→ Work to complete
Go to the line containing "Cover image for" below; retype it and all following lines exactly, and leave out the pictures.

Short descriptive text snippets
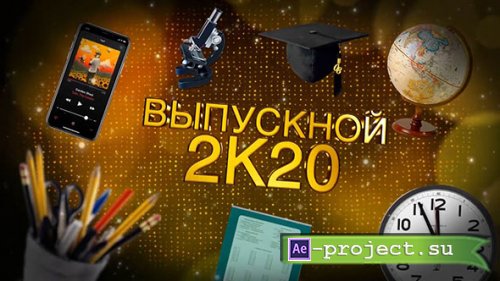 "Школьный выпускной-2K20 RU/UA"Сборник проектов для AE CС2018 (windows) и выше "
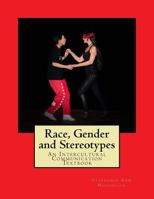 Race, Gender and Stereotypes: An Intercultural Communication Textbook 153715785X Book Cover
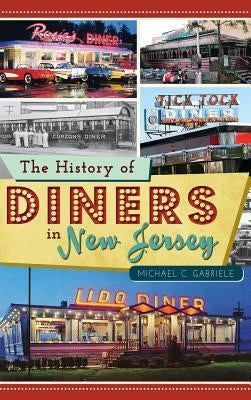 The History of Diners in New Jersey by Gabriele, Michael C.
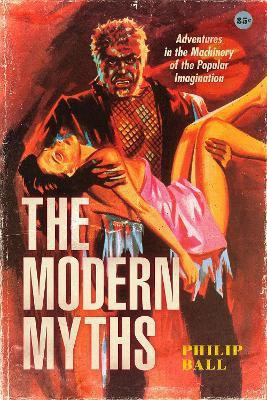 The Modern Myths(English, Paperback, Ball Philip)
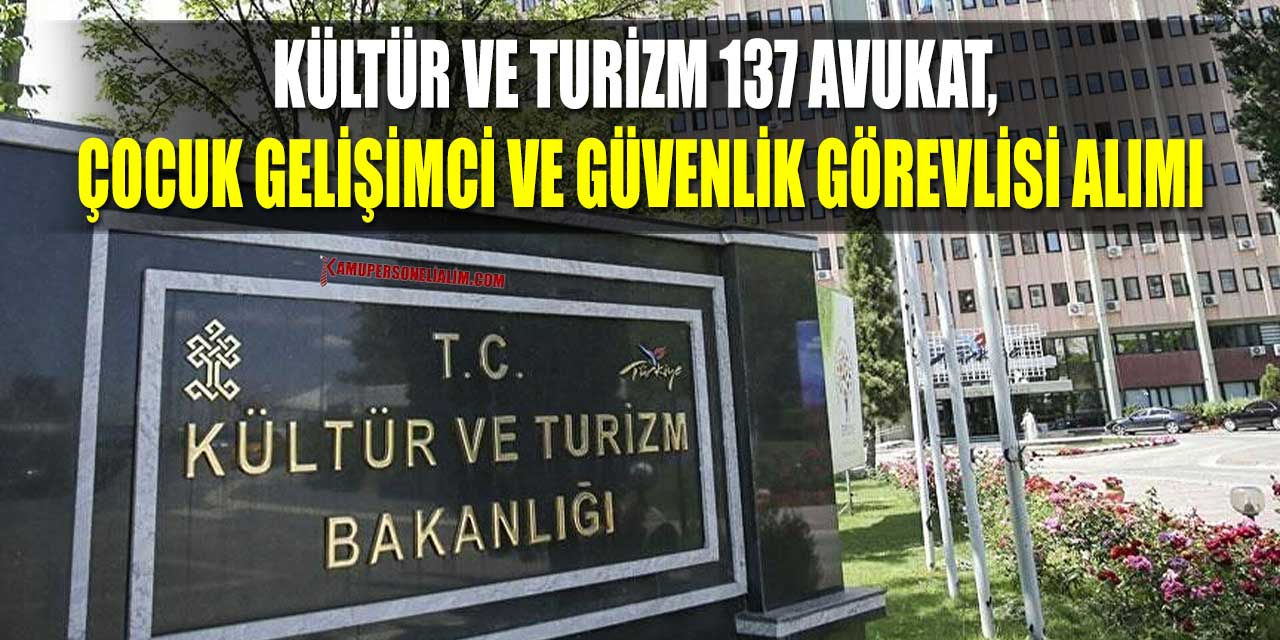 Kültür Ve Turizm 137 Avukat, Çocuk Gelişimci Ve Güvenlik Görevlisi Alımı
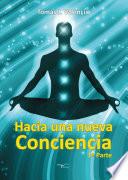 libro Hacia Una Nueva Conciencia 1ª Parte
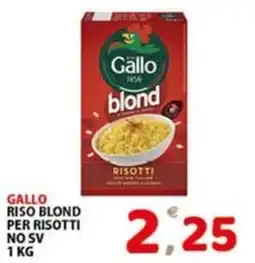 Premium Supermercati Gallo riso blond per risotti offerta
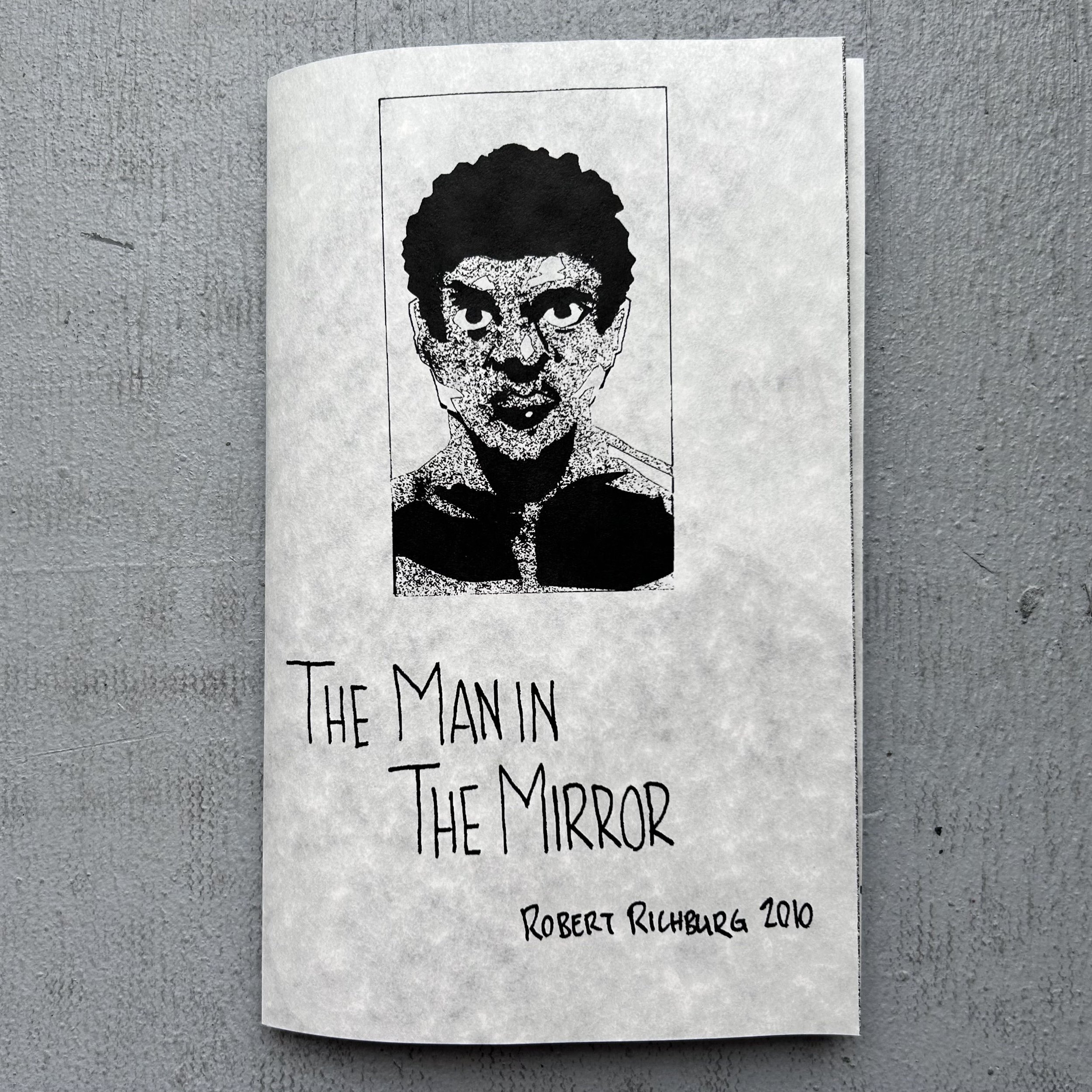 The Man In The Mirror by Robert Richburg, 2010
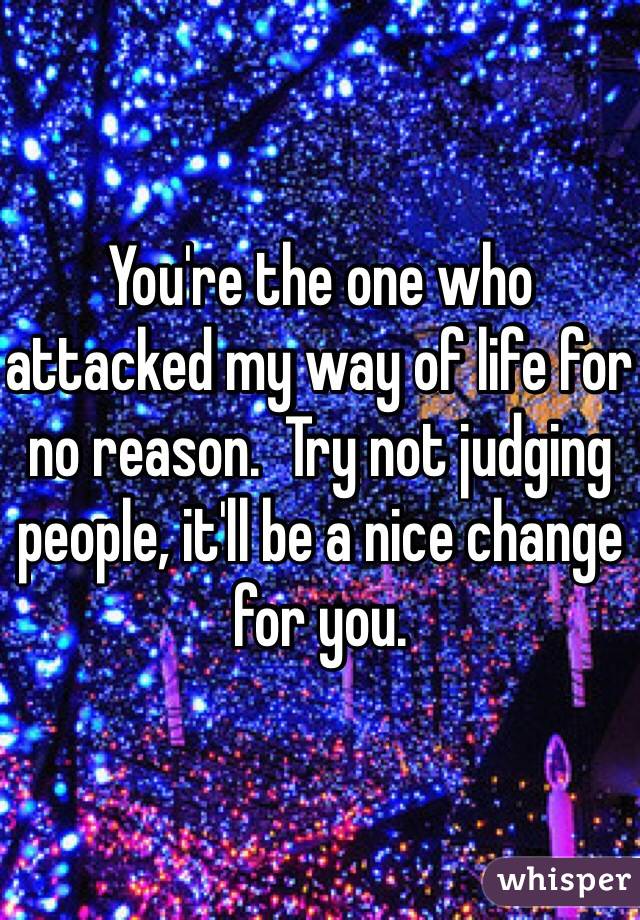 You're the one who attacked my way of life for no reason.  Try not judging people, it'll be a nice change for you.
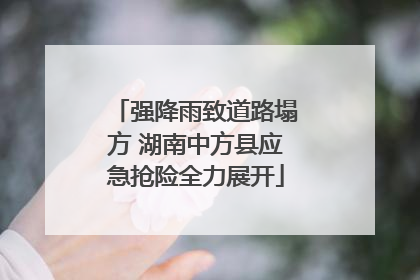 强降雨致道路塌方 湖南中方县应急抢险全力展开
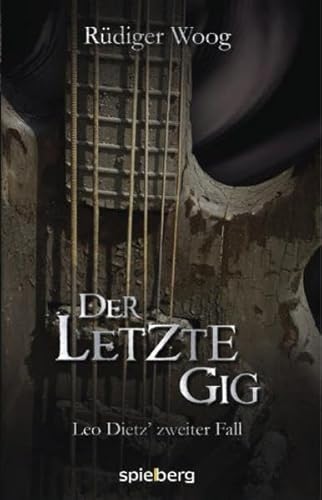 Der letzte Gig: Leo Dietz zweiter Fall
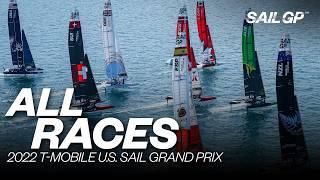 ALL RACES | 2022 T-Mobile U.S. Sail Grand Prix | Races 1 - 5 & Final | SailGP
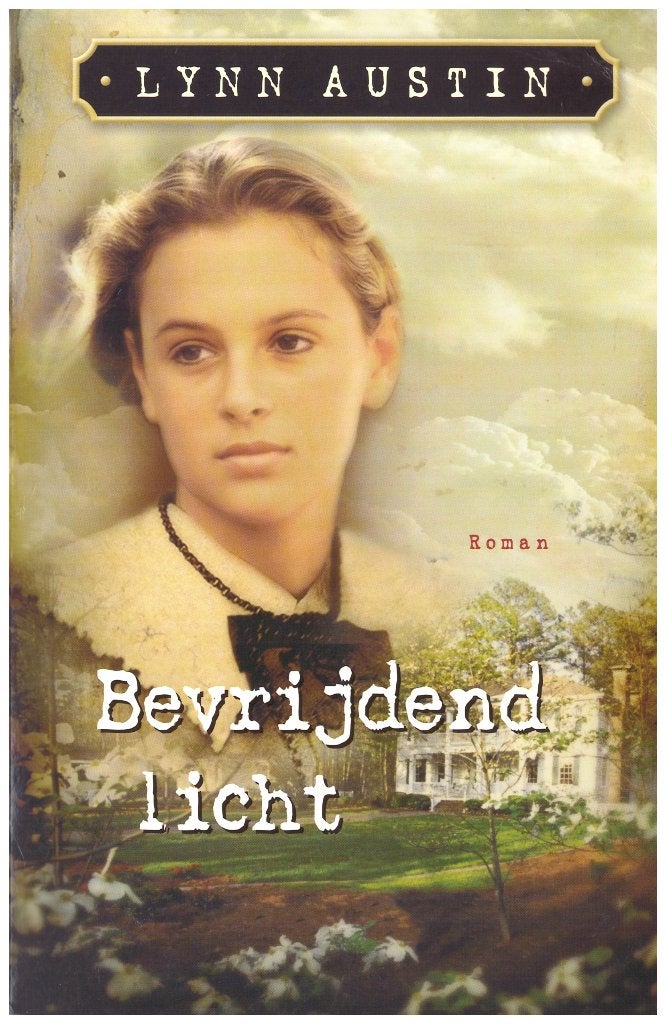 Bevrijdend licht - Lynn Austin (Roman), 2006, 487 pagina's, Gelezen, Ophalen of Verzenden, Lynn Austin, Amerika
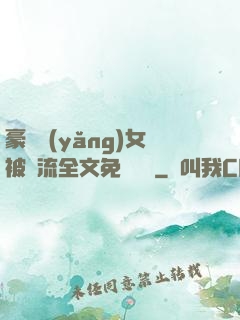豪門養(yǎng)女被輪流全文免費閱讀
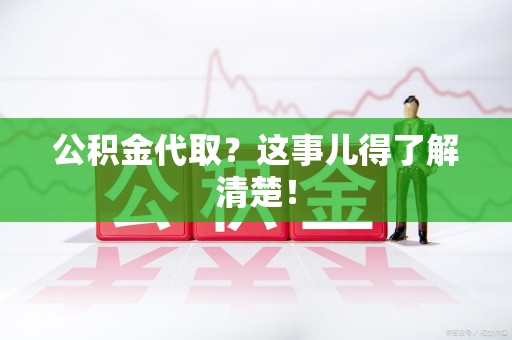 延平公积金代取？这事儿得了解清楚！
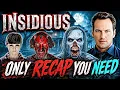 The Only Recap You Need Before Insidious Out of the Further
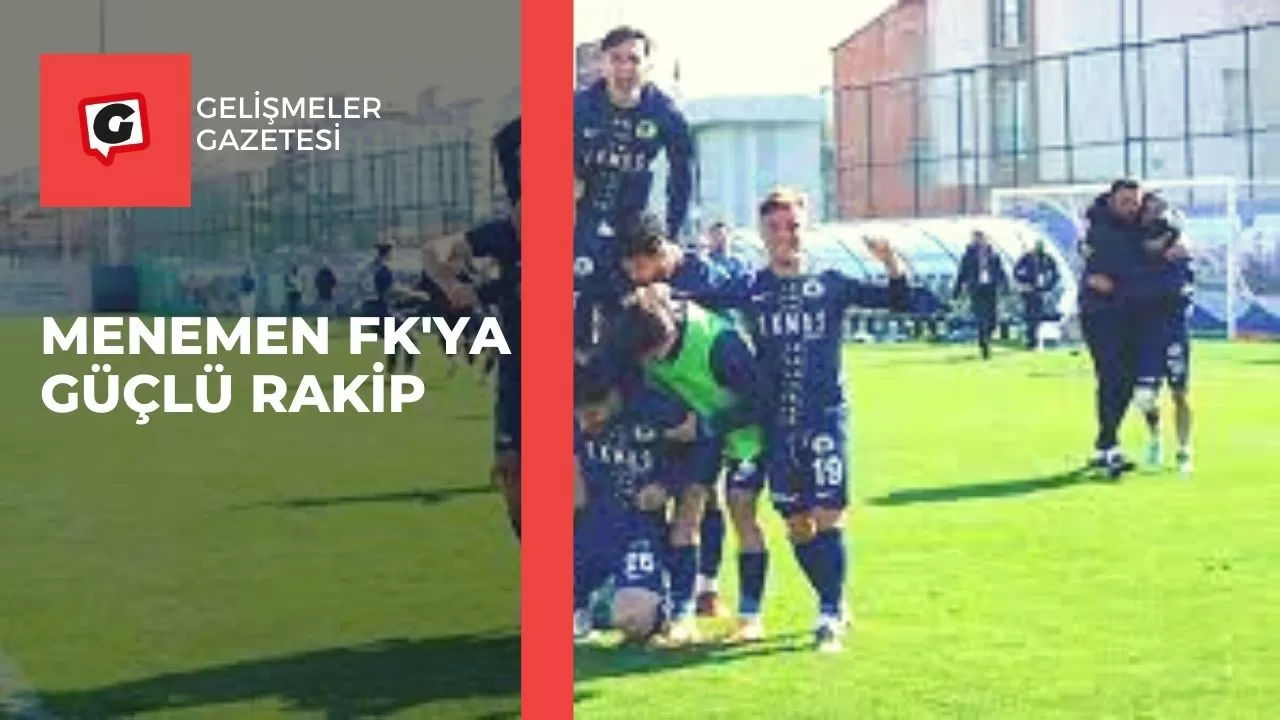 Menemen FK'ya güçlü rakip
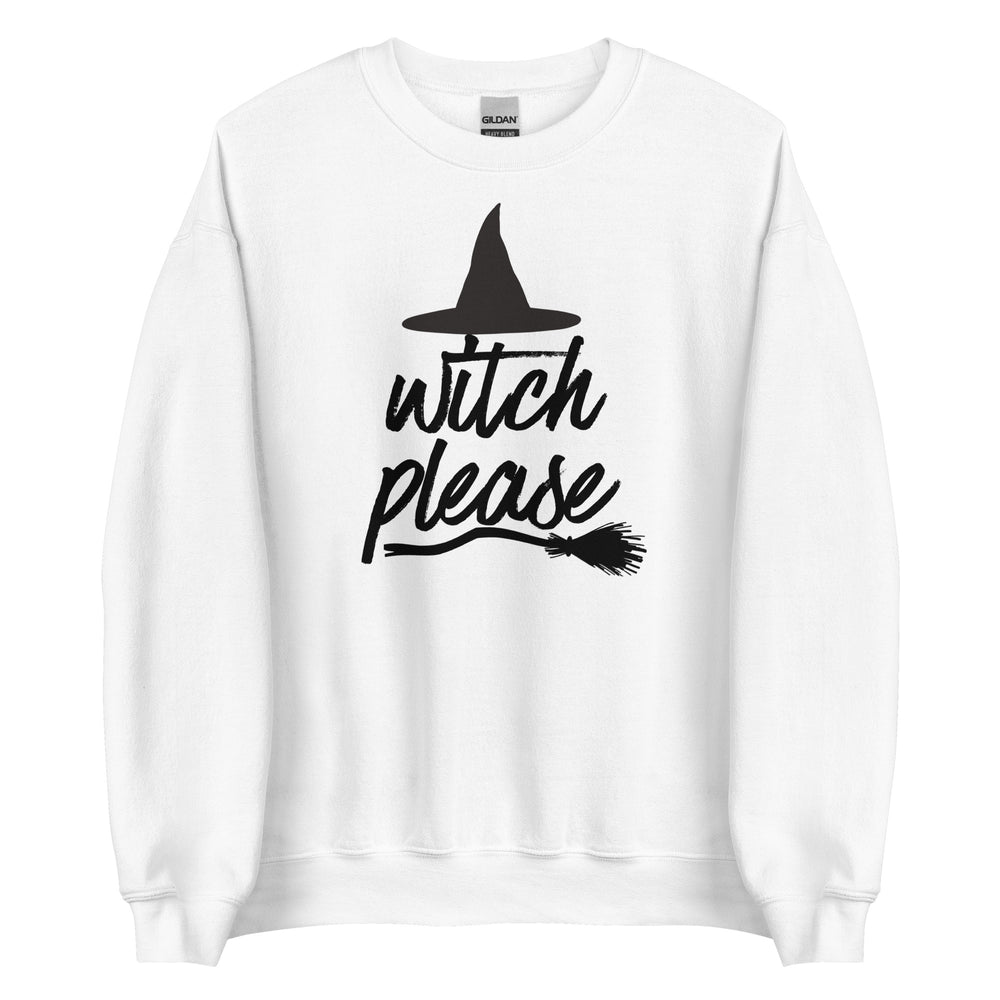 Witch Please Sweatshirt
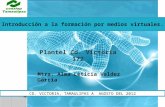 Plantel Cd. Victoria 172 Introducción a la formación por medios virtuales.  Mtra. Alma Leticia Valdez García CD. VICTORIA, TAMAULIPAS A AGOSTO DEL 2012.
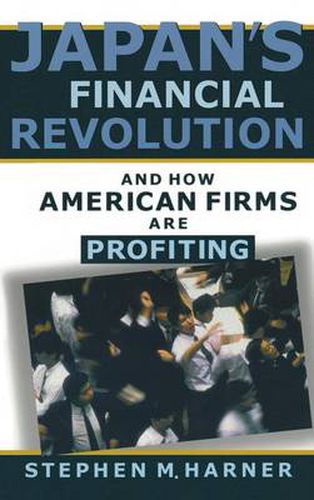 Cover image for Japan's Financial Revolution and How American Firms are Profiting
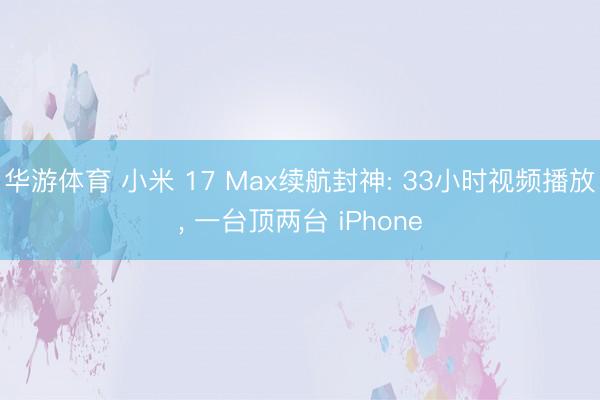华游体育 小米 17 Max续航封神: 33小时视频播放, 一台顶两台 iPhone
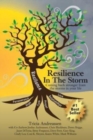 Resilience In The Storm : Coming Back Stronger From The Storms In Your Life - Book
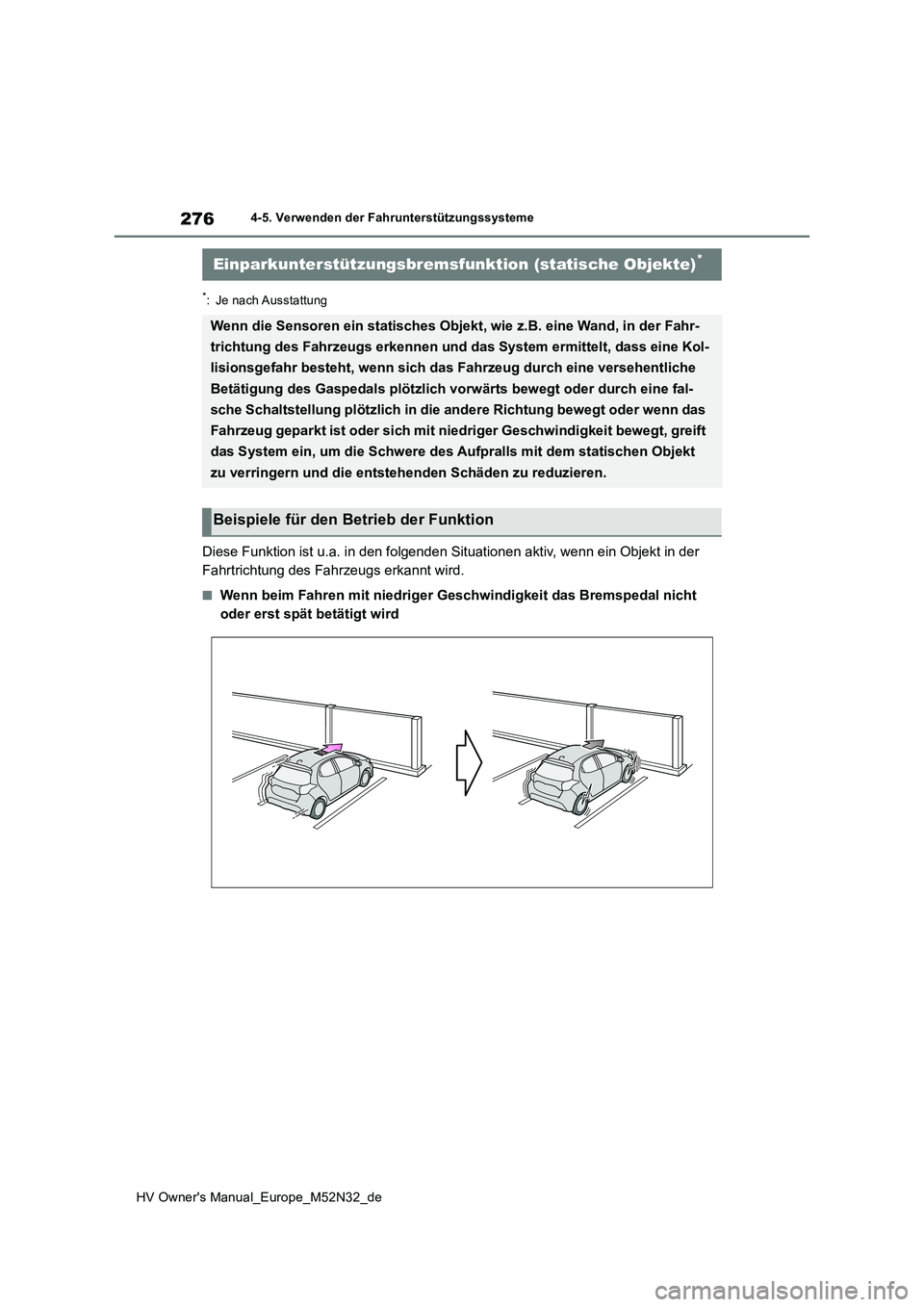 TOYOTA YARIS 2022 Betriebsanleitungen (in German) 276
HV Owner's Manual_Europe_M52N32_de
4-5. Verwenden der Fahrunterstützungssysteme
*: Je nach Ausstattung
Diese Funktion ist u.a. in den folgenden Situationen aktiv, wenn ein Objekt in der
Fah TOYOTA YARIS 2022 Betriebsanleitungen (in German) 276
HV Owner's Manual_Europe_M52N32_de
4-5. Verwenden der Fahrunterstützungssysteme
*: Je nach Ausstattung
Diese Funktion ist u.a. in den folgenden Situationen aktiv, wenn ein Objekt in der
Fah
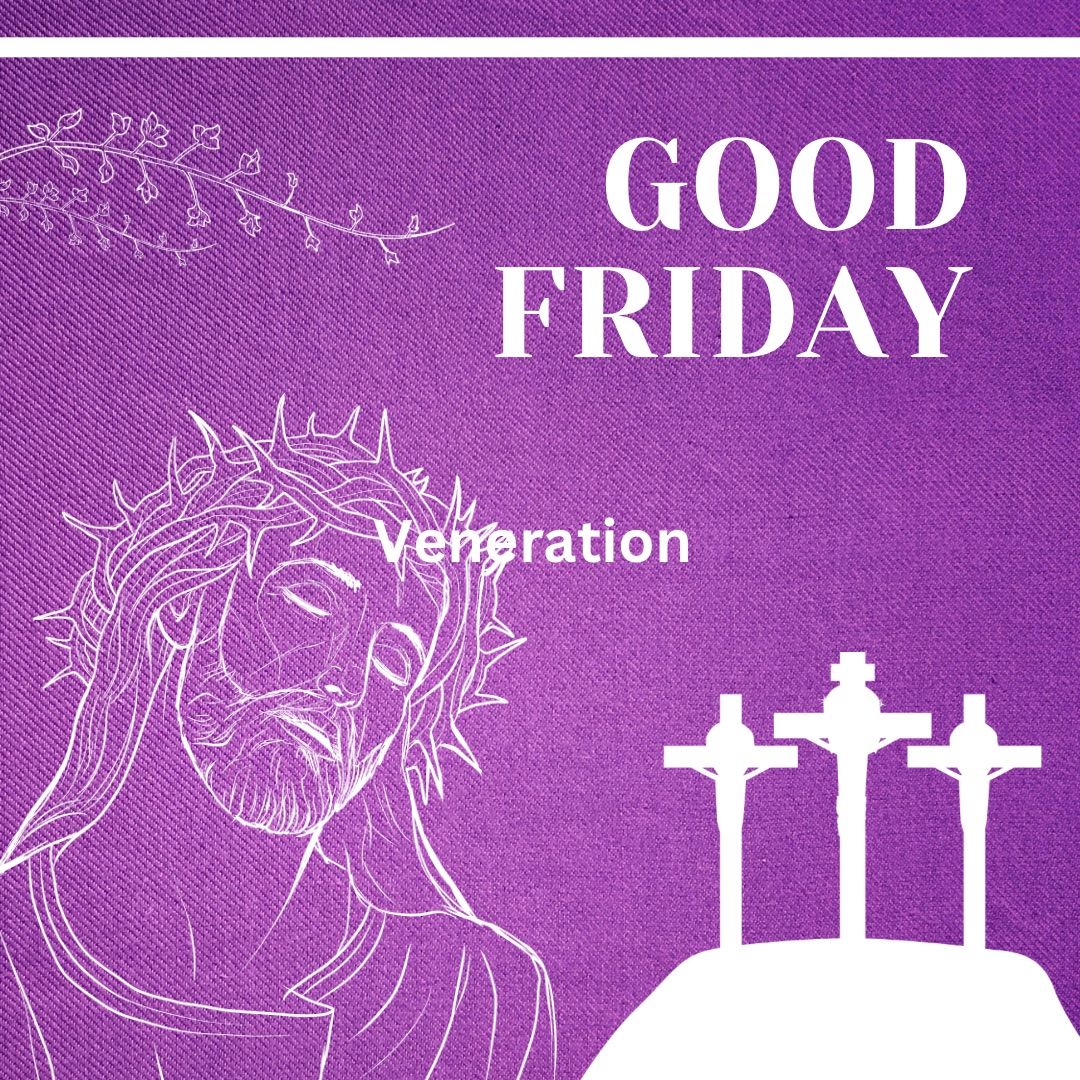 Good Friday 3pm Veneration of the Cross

→ Exercise solution
 Cover image for Japan's Financial Revolution and How American Firms are Profiting
华游体育 小米 17 Max续航封神: 33小时视频播放, 一台顶两台 iPhone
 Resilience In The Storm : Coming Back Stronger From The Storms In Your Life - Book
 TOYOTA YARIS 2022 Betriebsanleitungen (in German) 276
HV Owner's Manual_Europe_M52N32_de
4-5. Verwenden der Fahrunterstützungssysteme
*: Je nach Ausstattung
Diese Funktion ist u.a. in den folgenden Situationen aktiv, wenn ein Objekt in der
Fah TOYOTA YARIS 2022 Betriebsanleitungen (in German) 276
HV Owner's Manual_Europe_M52N32_de
4-5. Verwenden der Fahrunterstützungssysteme
*: Je nach Ausstattung
Diese Funktion ist u.a. in den folgenden Situationen aktiv, wenn ein Objekt in der
Fah
 Good Friday 3pm Veneration of the Cross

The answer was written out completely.